Angesichts der Komplexitäten des Problemfelds Klimawandel und der bestehenden Unsicherheiten und Begrenztheiten des Wissens mahnen die Autoren zu Recht eine besondere „Urteilskraft“ der Menschen an. Sie verstehen diese – in Anlehnung an Immanuel Kant – als die Fähigkeit des Einzelnen, selbständig und im Diskurs mit anderen sowie unter Verwendung nicht nur ökonomischer sondern auch ethischer Maßstäbe Bewertungen angemessen vornehmen und darauf basierend Entscheidungen treffen zu können.

3     Nachhaltigkeitsbegriff und Gerechtigkeitskonzept

Im zweiten Teil skizzieren die Autoren die Leitbilder Nachhaltigkeit und Gerechtigkeit sowie die sich daraus ergebenden Handlungserfordernisse.

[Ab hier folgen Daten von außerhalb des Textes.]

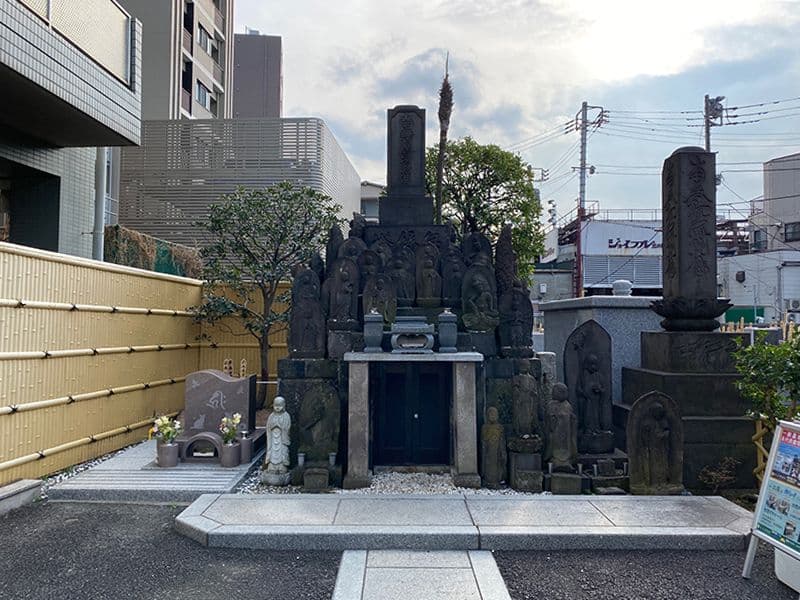 浄土宗 公春院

Es wird – zu Recht – darauf hingewiesen, dass über das nicht selten, in Anlehnung an Kant, kommunizierte Verständnis des Nachhaltigkeitsleitbilds als „regulative Idee“ hinaus begriffliche Klärungen und kriterielle Präzisierungen notwendig sind, wenn daraus praktikable Anleitungen für gemeinsames Handeln entstehen sollen. Bei den forstwirtschaftlichen Ursprüngen des 18. und 19. Jahrhunderts beginnend rekonstruieren die Autoren Nachhaltigkeit als Lebensvorsorge, d. h. als längerfristige Sicherung der Lebensgrundlagen, basierend auf regenerativen und nicht-regenerativen Ressourcen. Am Beispiel des Umgangs mit der Verknappung nicht-regenerativer Ressourcen wird auf die Komplexität, Globalität, unterschiedliche Interessenslagen und zugleich bestehende Kooperationserfordernisse hingewiesen, was entsprechend veränderte Planungs- und Handlungserfordernisse mit sich bringt.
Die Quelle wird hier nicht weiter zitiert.